** INFORMATION PROVIDED follows **

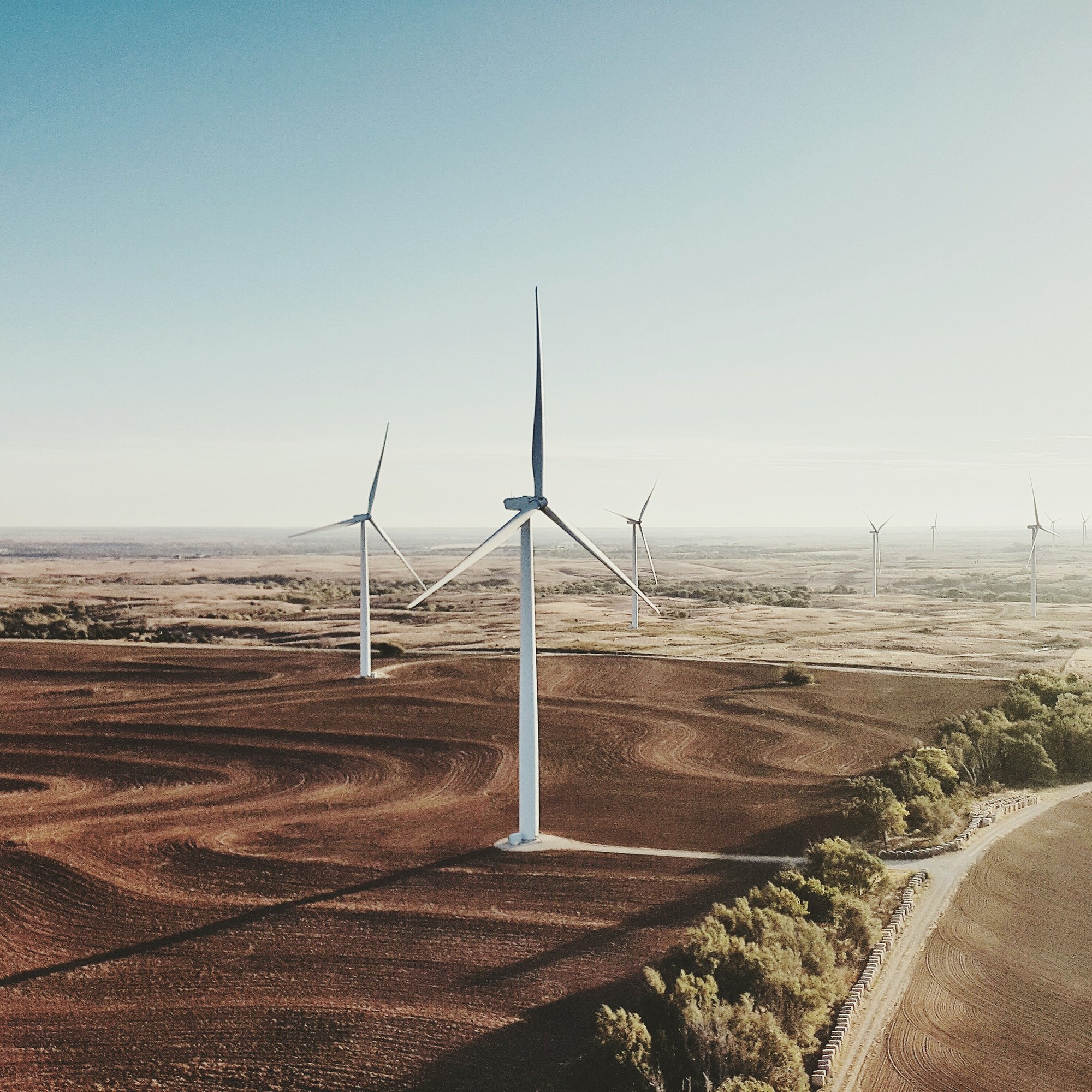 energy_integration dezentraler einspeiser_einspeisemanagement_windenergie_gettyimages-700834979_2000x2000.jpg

** End of INFORMATION PROVIDED **
** INFORMATION PROVIDED follows **

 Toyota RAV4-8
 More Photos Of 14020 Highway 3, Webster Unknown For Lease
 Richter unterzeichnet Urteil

** End of INFORMATION PROVIDED **

*WORK REQUEST*
In the entries above, restate word for word the lines between the one holding "More Photos Of" and the one holding "Richter unterzeichnet Urteil", inclusive, and nothing besides.

*ANSWER TO THIS EXERCISE*
 More Photos Of 14020 Highway 3, Webster Unknown For Lease
 Richter unterzeichnet Urteil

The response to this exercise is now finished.